Глаза мои напрасно пытались не смотреть на очертания роскошного бюста той женщины, что сидела за угловым столиком, но стоило мне зажмурить глаза, как бюст становился еще ближе, я ощущал излучаемое им тепло и, казалось, погружал в него свое лицо. Коленки мои начинали дрожать. Эта женщина ждет здесь своего возлюбленного, обещавшего придти и позабывшего о своем обещании: вот почему она в отчаянии все курит и курит одну сигарету за другой, вновь и вновь заказывает чашку черного кофе, чтобы превозмочь слезы, сдавившие ей горло. Время от времени она исчезает в дамском туалете, чтобы под слоем пудры скрыть следы слез…
А вот человеку в толстом пальто официант подает сейчас рюмочку ликера, чтобы заглушил он свое горе: его жена взяла и сбежала с молодым любовником. Быть может, они, его сбежавшая жена и ее любовник, плывут буквально в эту минуту на роскошном корабле, танцуют, прижавшись друг к другу, в свете луны, отражающейся в водах океана, веселятся на балу, устроенном капитаном на палубе. Мечтательная музыка (такую слышал я в кинотеатре «Эдисон») обволакивает танцующих, которые держат путь в самые фешенебельные, полные разврата, места – Санкт‑Мориц, Сан‑Марино, Сан‑Франциско, Сан‑Паулу, Сан‑Суси.
Отсюда я плел свою паутину дальше. Молодой любовник, которого я представил себе в образе мужественного и горделивого моряка, изображенного на коробке сигарет «Нельсон», – это тот самый парень, что обещал беспрерывно курящей женщине встретиться здесь нынешним вечером. Но теперь он уже далеко отсюда, на расстоянии тысячи миль. Понапрасну она его дожидается. «Неужели и вы, мой господин, тоже всеми покинуты и пребываете в полном одиночестве? Неужели подобно мне остались вы один‑одинешенек в целом мире?» Так – на языке издательства «Оманут», выпускавшего в 20–30 годах прошлого века хорошие переводные романы, на языке детских книг писателя Цви Либермана‑Ливне – спросила женщина того мужчину в пальто, когда подошла к его столику и нагнулась к нему, а он ответил согласным наклоном головы. Еще немного, и эти двое, всеми покинутые, встанут и вместе выйдут из кафе, а на улице возьмутся за руки, не ощущая потребности в словах.
Куда они направятся?
Воображение рисовало мне аллеи и парки, скамейку, залитую лунным светом, тропинку, ведущую к маленькому домику, окруженному высоким каменным забором: там горит свеча, ставни закрыты, льется музыка… А далее история становится такой сладкой и жуткой, что я не в силах рассказать ее самому себе, не в силах ее вынести, и я изо всех сил тороплюсь избавиться от этого сюжета, от этой пары‑не‑пары.
Переключившись, я начинаю глазеть на двух немолодых джентльменов, усевшихся за соседний с нами столик.
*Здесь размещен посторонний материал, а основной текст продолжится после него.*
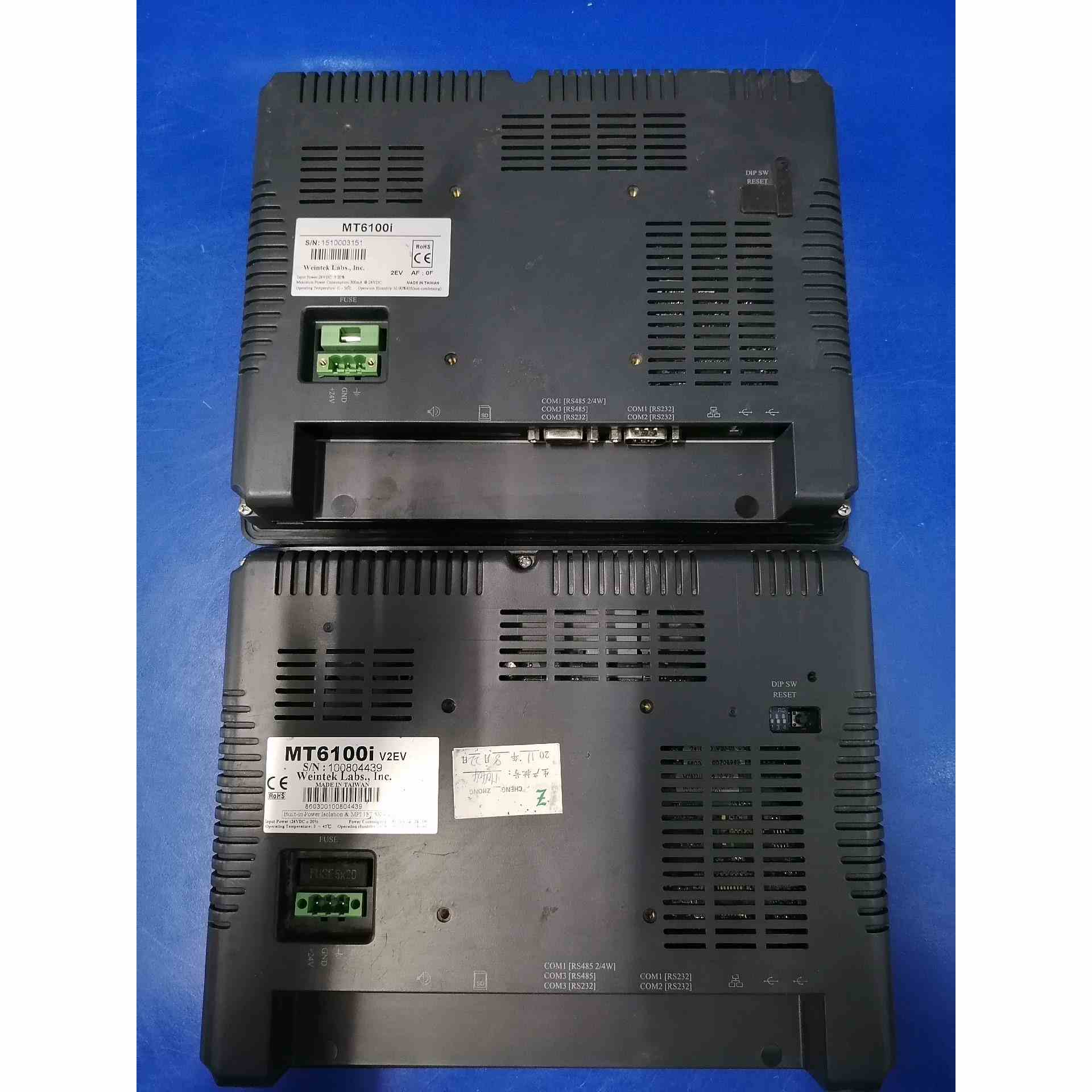 威纶通触摸屏MT6100i，MT6100i V2EV，正常拆，不是实价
Играя в шахматы, они переговариваются на иврите с сильным немецким акцентом, один из них посасывает, гладит, ласкает пальцами погасшую трубку, выточенную из красного дерева, а другой то и дело вытирает клетчатым платком невидимый пот на своем высоком лбу. Вдруг подходит официантка и шепотом сообщает что‑то джентльмену с трубкой. Он на своем «немецком» иврите просит прощения у своего партнера и у официантки, подходит к телефону, стоящему у кухонного окошка, через которое подаются блюда, и что‑то говорит. Затем, положив трубку, он стоит мгновение растерянный и беспомощный, неверными шагами возвращается к шахматному столику, и, по‑видимому, вновь извиняется перед своим партнером по шахматной партии, объясняя ему что‑то, на этот раз по‑немецки. Он торопливо оставляет на уголке стола несколько монет, но его товарищ возмущенно, едва ли не силой возвращает ему эти монеты, пытается опустить их в карман сопротивляющегося обладателя трубки, и неожиданно все монеты рассыпаются, звеня под разными столиками, и оба почтенных джентльмена прекращают свою борьбу и опускаются на четвереньки, чтобы собрать монеты…
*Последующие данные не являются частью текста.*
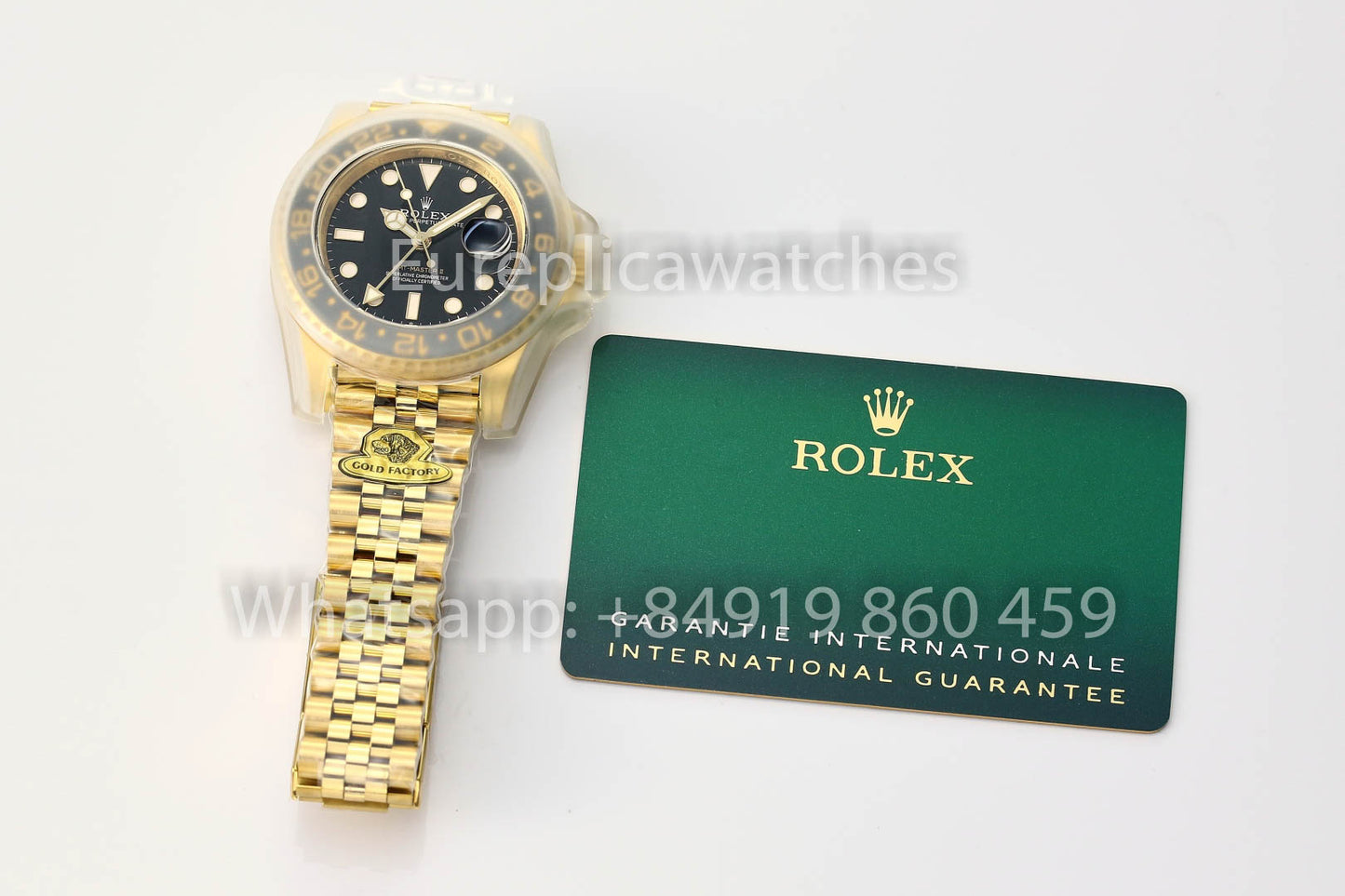 Rolex GMT Master II M126718GRNR-0001 Jubilee-Armband 1:1 Bester Klon Gold Factory V3 Ultimate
Но для меня это уже ничего не меняет. Я уже решил для себя, что это – двоюродные братья, которым удалось уцелеть из всей огромной семьи, уничтоженной немцами. Я придумал историю с огромным наследством и странным завещанием, согласно которому две трети наследства должны достаться победителю шахматной партии, а проигравший будет довольствоваться только третью. Затем я ввел в эту историю девочку‑сироту, мою ровесницу: эта сиротка с детьми из Молодежной алии была послана в кибуц или одно из учебных заведений. И именно она, а не двоюродные братья‑шахматисты, именно она и только она – подлинная наследница. На этом этапе я и сам вошел в этот сюжет: в роли рыцаря – защитника сироток, отобравшего сказочное наследство у тех, кто его не достоин, и вручившего его той, которая его воистину заслужила. Правда, не совсем бескорыстно, а в обмен на любовь. Но когда дошел я до любви, глаза мои зажмурились, и вновь был я вынужден прервать повествование и начать шпионить за людьми, сидевшими совсем за другим столиком. А может, за прихрамывающей официанткой с черными бездонными глазами…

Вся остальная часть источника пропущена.